Wie fange ich nach einer Laufpause wieder mit dem Laufen an?
Ich bin ehrlicherweise sehr froh, dass ich diese Headline Wort für Wort schreiben kann. Denn ja – ich kann und darf nach meiner Laufpause wieder anfangen. Wenn ihr euch jetzt fragt "Ja gut, das war mir klar, nach einer Pause geht es ja irgendwann weiter", dann möchte ich euch sagen: Da seid ihr euch sicherer gewesen, als ich es in den ganzen letzten Monaten war.

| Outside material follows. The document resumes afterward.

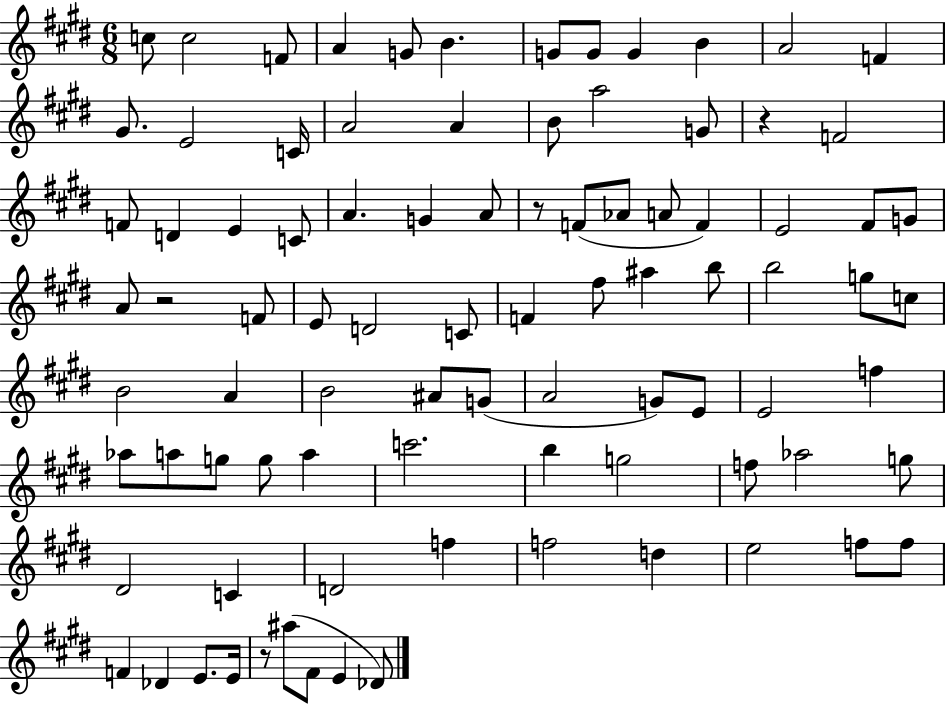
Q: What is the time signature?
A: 6/8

Ich hatte oder habe Probleme mit dem rechten Fuß. Den Sehnen, der Wade, dem Sprunggelenk – irgendwie mit allem. Ich schätze es war die Folge meiner Bänderzerrung, die ich nicht zu 100% auskuriert und viel zu schnell wieder mit dem Laufen angefangen habe. Die Überlastung führte zu einer Entzündung. Alle Sportler:innen wissen, wie langwierig Entzündungen sein können. Entzündungen an den Körperstellen, die täglich belastet werden, dauern ungefähr 10x so lang – wenn sie nicht chronisch werden.

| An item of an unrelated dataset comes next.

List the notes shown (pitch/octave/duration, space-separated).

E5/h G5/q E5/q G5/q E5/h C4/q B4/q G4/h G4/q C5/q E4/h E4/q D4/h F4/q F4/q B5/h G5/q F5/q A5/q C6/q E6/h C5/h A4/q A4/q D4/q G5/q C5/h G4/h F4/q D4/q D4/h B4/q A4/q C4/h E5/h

Den Rest erspare ich euch an dieser Stelle – denn wir wollen ab sofort gemeinsam nach vorne Blicken. Mehr Informationen zu meiner Laufverletzung könnt ihr in diesem Blogbeitrag lesen: Das Laufen wieder lieben lernen – mein Weg zurück nach einer Laufverletzung.
Jetzt gilt: Alles auf Neuanfang. Wie fängt man also nach einer Verletzung wieder mit dem Laufen an? Simpel gesagt: Loslaufen.

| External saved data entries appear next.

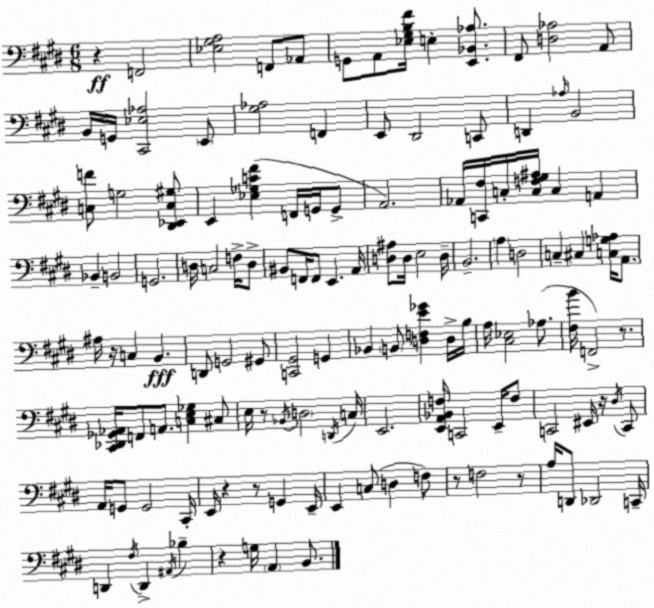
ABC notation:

X:1
T:Untitled
M:6/8
L:1/4
K:E
z F,,2 [_E,^G,A,]2 F,,/2 _A,,/2 G,,/2 A,,/2 [_E,^G,B,^F]/4 E, [E,,_B,,_A,]/2 ^F,,/2 [D,_A,]2 A,,/2 B,,/4 G,,/4 [^C,,_E,_A,]2 E,,/2 [^G,_A,]2 F,, E,,/2 ^D,,2 C,,/2 D,, _A,/4 B,,2 [C,F]/2 G,2 [^D,,_E,,C,^G,]/2 E,, [_E,_G,C^F] F,,/4 G,,/4 G,,/2 A,,2 _A,,/4 [C,,^F,]/4 C,/4 [C,F,^G,^A,]/4 C, A,, _B,, B,,2 G,,2 D,/4 C,2 F,/4 D,/2 ^B,,/2 F,,/4 F,,/2 E,, A,,/4 [D,^A,]/2 D,/4 E,2 D,/4 B,,2 A, D,2 C, ^C, [C,G,_A,]/4 A,,/2 ^A,/4 z/4 C, B,, D,,/2 G,,2 ^G,,/2 [C,,^G,,]2 G,, _B,, B,,/2 [D,F,E_G] D,/4 B,/4 A,/4 [^C,_E,]2 _A,/2 [^F,B]/4 F,,2 z/2 [^C,,_D,,_G,,_A,,]/4 F,,/2 A,,/2 [C,E,_G,] ^C,/2 E,/4 z/2 _B,,/4 D,2 D,,/4 C,/4 E,,2 [E,,A,,_B,,F,]/4 C,,2 E,,/4 F,/2 C,,2 ^E,,/4 z/4 ^D,/4 C,,/2 A,,/4 G,,/2 G,,2 ^C,,/4 E,,/4 z z/2 G,, E,,/4 E,, C,/2 D, F,/2 z/2 F,2 z/2 A,/4 D,,/2 _D,,2 C,,/4 D,, ^F,/4 D,, ^A,,/4 _B, z G,/4 A,, B,,/2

Welcher Trainingsplan ist nach einer langen Laufpause gut?
Der beste Trainingsplan nach langen Laufpausen fängt im Kopf an. Mentaltraining für Läufer:innen sollte nicht nur vor, während und nach dem Laufen stattfinden, sondern vor allem in den schwierigsten Zeiten. Der erste Lauf beginnt im Kopf. Auch der zweite, der dritte, der vierte ...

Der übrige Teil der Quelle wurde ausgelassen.